Promoting reforms in financing of high-quality home health and hospice services so they are available to all who need them. Priorities for reform include:
- Adequate resources from multiple and diverse sources to cover the exceptional cost of care for high-cost patients with complex needs and major barriers to care.
- Stronger efforts to combat waste, fraud, and abuse that divert resources and put access to care at risk for many patients.
- Improved financial and regulatory support for information and other technology supporting home-based healthcare, especially telemonitoring technology and meaningful use of electronic health record technology.
- Expanded authority of Nurse Practitioners, including signing plans of care and other activities within their scope of practice.
- Improved support for home health and hospice workforce development strategies, including appropriate education and training programs and site-neutral wage-related policies.
Supporting member efforts to strengthen their leadership position as diversified, innovative, financially strong, and cost-effective contributors to their communities’ healthcare delivery system.
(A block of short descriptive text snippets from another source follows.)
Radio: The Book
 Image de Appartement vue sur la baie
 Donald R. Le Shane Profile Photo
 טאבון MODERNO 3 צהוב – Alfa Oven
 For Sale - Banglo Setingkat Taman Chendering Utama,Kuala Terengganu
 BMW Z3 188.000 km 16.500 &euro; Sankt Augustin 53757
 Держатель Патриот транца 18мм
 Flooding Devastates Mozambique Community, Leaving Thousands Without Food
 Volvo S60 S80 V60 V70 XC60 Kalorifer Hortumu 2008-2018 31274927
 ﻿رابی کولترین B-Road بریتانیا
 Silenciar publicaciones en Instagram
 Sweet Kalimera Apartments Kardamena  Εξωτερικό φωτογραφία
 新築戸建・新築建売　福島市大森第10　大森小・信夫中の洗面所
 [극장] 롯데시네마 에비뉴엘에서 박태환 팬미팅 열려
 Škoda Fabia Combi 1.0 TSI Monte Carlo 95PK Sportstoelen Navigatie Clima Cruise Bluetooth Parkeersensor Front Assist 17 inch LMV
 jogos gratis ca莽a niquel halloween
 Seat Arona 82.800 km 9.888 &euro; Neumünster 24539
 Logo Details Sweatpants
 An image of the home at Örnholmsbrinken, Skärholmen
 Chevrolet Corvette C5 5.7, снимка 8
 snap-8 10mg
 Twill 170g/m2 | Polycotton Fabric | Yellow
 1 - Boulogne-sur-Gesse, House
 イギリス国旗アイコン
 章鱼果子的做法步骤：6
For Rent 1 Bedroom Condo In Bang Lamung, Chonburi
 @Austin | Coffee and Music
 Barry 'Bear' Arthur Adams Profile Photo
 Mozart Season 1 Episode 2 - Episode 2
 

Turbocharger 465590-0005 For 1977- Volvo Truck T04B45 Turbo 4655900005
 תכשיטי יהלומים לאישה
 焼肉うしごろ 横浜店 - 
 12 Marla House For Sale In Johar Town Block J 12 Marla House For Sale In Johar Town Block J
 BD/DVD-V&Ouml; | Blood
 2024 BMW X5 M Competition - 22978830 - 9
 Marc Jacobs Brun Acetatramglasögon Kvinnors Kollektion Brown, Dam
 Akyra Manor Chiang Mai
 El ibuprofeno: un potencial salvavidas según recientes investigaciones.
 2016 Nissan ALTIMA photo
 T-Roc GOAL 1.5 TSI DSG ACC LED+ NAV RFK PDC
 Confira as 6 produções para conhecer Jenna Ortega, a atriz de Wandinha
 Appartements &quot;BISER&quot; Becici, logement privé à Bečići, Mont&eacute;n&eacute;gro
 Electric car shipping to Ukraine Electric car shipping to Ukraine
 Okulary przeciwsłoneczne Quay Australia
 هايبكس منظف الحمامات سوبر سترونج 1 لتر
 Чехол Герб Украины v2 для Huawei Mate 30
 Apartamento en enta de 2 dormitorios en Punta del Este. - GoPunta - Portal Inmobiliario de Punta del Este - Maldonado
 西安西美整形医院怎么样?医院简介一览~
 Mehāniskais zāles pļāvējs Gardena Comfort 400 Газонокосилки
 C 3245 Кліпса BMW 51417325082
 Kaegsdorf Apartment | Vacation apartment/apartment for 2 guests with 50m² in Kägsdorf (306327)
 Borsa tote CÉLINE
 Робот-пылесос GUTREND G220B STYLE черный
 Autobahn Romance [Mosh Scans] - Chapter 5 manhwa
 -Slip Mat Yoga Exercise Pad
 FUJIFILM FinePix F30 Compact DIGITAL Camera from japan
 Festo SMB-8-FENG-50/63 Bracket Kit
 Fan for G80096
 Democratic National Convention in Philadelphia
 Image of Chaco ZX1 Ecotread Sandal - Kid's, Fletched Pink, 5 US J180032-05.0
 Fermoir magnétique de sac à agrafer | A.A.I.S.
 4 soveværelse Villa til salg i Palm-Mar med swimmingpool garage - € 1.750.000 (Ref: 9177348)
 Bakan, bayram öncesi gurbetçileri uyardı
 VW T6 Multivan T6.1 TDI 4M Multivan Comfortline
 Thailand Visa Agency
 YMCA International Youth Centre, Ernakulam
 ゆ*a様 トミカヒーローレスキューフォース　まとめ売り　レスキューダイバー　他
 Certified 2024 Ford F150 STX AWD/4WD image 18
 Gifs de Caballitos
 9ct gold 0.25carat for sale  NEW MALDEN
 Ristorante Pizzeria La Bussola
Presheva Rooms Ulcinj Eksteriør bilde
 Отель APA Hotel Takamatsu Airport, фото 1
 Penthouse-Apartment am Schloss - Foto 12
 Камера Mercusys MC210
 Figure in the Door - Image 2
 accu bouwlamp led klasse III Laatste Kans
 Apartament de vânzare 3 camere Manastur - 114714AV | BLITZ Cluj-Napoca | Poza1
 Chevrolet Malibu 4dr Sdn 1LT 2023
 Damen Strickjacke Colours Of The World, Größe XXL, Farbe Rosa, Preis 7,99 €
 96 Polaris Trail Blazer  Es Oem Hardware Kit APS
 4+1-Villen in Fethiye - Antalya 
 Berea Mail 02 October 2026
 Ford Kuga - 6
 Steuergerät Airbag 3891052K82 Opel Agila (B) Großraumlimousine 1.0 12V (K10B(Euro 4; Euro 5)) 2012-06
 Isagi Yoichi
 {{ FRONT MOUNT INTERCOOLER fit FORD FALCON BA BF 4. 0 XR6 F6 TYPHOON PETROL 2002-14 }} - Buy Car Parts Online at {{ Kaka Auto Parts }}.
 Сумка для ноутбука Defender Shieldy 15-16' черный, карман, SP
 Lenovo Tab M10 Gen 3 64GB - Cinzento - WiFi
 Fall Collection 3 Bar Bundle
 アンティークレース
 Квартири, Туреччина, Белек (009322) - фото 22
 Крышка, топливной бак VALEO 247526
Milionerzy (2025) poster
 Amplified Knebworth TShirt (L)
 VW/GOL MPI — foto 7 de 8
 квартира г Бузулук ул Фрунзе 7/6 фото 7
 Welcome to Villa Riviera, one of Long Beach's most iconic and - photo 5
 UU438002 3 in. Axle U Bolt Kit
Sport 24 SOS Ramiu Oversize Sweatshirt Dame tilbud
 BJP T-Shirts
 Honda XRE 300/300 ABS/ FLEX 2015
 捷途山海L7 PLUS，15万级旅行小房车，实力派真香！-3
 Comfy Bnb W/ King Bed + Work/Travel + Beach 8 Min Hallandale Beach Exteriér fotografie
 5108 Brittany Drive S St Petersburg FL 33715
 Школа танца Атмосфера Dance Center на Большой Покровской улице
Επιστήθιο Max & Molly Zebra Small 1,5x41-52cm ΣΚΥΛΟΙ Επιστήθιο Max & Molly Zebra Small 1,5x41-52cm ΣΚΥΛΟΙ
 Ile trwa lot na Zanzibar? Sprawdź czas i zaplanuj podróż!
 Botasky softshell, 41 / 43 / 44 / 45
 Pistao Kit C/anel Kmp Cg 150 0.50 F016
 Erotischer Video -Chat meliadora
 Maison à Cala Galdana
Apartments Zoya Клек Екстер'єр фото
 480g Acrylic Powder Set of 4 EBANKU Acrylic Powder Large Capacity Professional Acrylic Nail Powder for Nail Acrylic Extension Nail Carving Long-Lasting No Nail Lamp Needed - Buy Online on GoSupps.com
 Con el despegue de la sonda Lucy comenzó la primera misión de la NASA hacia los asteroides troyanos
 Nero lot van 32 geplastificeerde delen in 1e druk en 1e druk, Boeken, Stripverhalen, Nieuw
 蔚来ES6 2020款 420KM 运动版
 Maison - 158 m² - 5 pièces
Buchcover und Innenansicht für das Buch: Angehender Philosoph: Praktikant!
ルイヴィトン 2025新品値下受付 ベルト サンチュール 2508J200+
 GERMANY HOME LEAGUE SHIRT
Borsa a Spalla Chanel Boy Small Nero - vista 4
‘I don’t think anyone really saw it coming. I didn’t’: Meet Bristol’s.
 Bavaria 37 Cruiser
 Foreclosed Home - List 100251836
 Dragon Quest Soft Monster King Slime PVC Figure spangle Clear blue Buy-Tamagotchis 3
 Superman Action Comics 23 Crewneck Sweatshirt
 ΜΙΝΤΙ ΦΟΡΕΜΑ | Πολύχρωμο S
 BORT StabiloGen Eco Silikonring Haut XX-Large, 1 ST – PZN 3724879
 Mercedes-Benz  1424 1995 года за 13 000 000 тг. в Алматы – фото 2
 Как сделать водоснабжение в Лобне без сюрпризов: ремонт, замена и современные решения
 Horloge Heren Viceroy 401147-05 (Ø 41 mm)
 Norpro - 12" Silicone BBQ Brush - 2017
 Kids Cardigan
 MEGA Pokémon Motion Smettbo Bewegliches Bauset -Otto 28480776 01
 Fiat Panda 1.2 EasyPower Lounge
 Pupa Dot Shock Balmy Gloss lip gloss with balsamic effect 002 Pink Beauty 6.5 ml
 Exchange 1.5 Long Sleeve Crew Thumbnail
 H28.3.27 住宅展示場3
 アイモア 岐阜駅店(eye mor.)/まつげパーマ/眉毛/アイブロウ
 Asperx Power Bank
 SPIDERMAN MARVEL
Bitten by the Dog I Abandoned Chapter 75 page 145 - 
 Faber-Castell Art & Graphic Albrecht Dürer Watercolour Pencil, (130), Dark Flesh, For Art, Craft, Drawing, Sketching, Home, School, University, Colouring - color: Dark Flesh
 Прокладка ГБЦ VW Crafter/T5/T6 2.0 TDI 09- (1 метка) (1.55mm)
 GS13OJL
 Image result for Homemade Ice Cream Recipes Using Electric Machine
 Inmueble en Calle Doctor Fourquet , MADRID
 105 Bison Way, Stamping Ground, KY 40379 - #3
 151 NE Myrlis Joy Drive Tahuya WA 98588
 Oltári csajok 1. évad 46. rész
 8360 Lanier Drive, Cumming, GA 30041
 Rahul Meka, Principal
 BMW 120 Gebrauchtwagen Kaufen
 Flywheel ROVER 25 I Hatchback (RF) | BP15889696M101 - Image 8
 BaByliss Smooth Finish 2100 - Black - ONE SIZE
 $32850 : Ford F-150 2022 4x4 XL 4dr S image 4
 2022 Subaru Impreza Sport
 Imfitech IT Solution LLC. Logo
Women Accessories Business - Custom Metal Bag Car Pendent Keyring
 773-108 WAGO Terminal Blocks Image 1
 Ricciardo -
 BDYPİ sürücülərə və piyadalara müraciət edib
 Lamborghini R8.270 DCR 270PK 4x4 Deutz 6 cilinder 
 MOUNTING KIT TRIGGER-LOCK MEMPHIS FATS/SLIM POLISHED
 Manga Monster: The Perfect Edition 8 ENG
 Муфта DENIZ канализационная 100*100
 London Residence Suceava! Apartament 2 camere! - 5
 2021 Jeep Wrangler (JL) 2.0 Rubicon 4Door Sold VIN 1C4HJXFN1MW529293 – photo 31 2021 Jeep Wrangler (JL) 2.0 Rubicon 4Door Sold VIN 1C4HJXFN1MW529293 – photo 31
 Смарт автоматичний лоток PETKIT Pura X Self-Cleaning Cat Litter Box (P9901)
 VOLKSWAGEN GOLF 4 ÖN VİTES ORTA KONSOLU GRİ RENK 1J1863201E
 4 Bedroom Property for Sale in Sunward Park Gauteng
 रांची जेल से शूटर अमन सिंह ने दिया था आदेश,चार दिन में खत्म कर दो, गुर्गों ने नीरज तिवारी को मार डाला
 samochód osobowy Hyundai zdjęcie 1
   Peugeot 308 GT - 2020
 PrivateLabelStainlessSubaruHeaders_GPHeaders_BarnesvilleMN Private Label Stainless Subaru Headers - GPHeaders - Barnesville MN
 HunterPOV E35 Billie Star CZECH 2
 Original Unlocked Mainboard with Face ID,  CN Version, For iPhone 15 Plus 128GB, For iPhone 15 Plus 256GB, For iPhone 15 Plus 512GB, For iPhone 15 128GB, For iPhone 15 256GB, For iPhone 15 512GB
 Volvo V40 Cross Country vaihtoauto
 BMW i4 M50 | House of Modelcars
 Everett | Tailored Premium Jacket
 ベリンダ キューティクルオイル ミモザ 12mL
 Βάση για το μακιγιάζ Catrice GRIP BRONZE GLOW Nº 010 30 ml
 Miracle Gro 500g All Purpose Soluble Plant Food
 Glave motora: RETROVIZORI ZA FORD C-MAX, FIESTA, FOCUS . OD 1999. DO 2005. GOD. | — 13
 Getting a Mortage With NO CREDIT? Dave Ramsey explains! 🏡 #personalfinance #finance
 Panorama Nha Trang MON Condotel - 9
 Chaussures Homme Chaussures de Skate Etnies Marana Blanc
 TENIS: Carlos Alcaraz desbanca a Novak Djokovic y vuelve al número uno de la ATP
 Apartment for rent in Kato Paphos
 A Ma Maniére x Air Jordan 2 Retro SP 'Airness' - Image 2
Key activities include:
- Creating a “best practice exchange” program in which members provide technical support to each other through a variety of in-person and remote interaction, connected and facilitated by the VNAA.
- Offering a wide range of discounted goods and services through the VNAA GPO to meaningfully lower the cost of operations.
- Serving as a “broker” resource to arrange for fee-based technical consulting services to establish new clinical programs and models, including home-based primary care and care transition programs.
- Offering leadership development programs for senior and mid-level clinical managers as part of the Annual Meeting, through Regional Meetings and teleconferences, supported by Web-based online content and tools.
- Developing educational programs that address the unique governance and accountability challenges of tax-exempt providers, including board development and management and community benefit documentation.